When I fall asleep she places
silver dollars over my eyes.
            ***
The dream of the milkweed field, again.
I snap a green stem and milk runs
down my wrist in the direction
of the wind, so I follow it.

There's a dog for every master standing
in line at the water pump.
The men fill vegetable cans with
fresh water from the stream.
The trees are sapped with animal fat.
The dogs howl at the deer.

The boys come out in Indian headdresses.
They bayonette the pitch pines
with their toy rifles.
The girls peel strips of bark
and wear them as bracelets.
The children sing a Piney drinking song.
            ***
The streams are more rare
as I move north. Thirsty, I sip
a thin vein of water from the forest's organs.
Trees suck the dark liquor of the dirt,
at twilight.

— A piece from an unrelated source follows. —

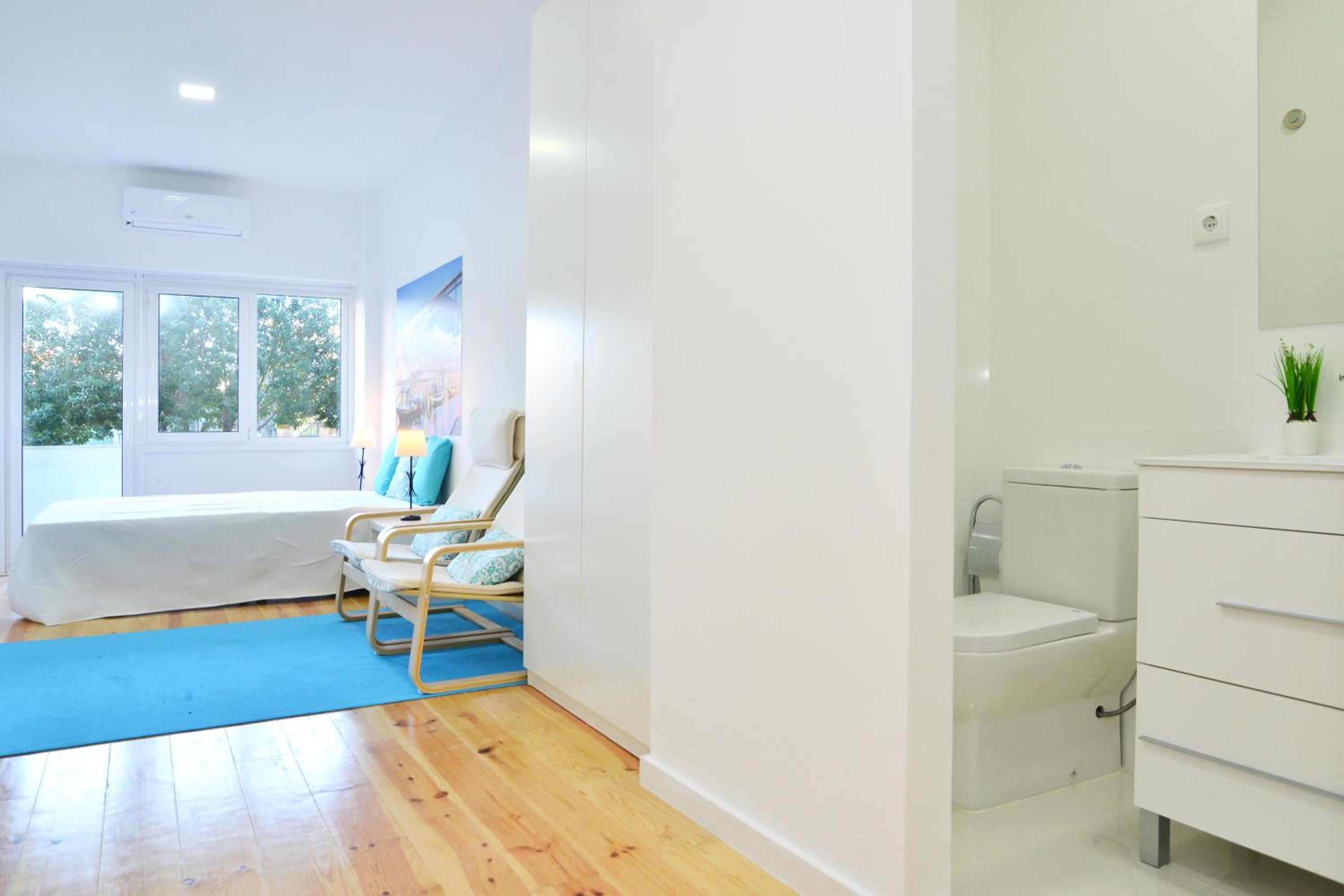 Studio with Balcony photo 2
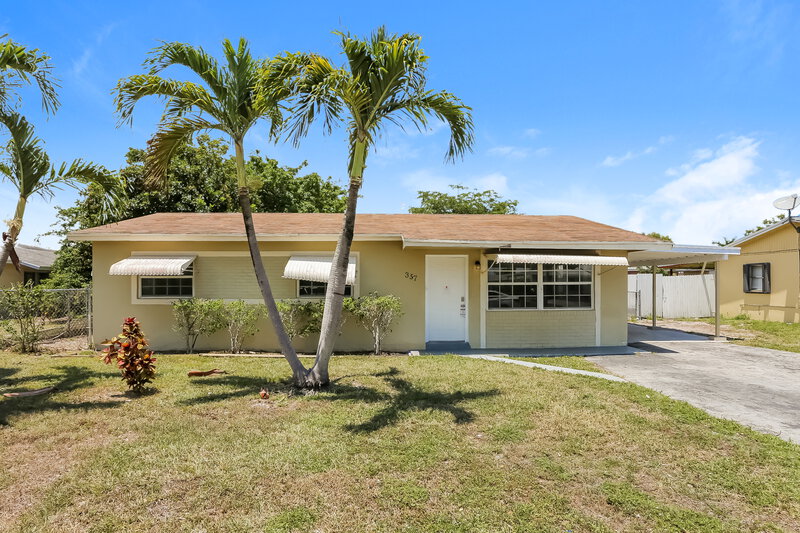 2,565/Mo, 357 Nw 6 Ct Deerfield Beach, FL 33441 External View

The men head home, whistling
a variation on the children's drinking song.
                  
In the houses, the wives
flick on lamps at dusk, and wait behind
windows for husbands who arrive at their porches,
watch their dogs push tin cans with their noses.
The fishermen drop their heavy slickers in the hallways
with the sluggish thump of wet rope.

I follow some of the younger men to a
sand lot.  Sit and watch the fevered hustle
of horse legs as they slam the basketball
hard against the backboard, sweating angrily.
            ***
Her coins slide down my cheeks,
the sensation I've been crying.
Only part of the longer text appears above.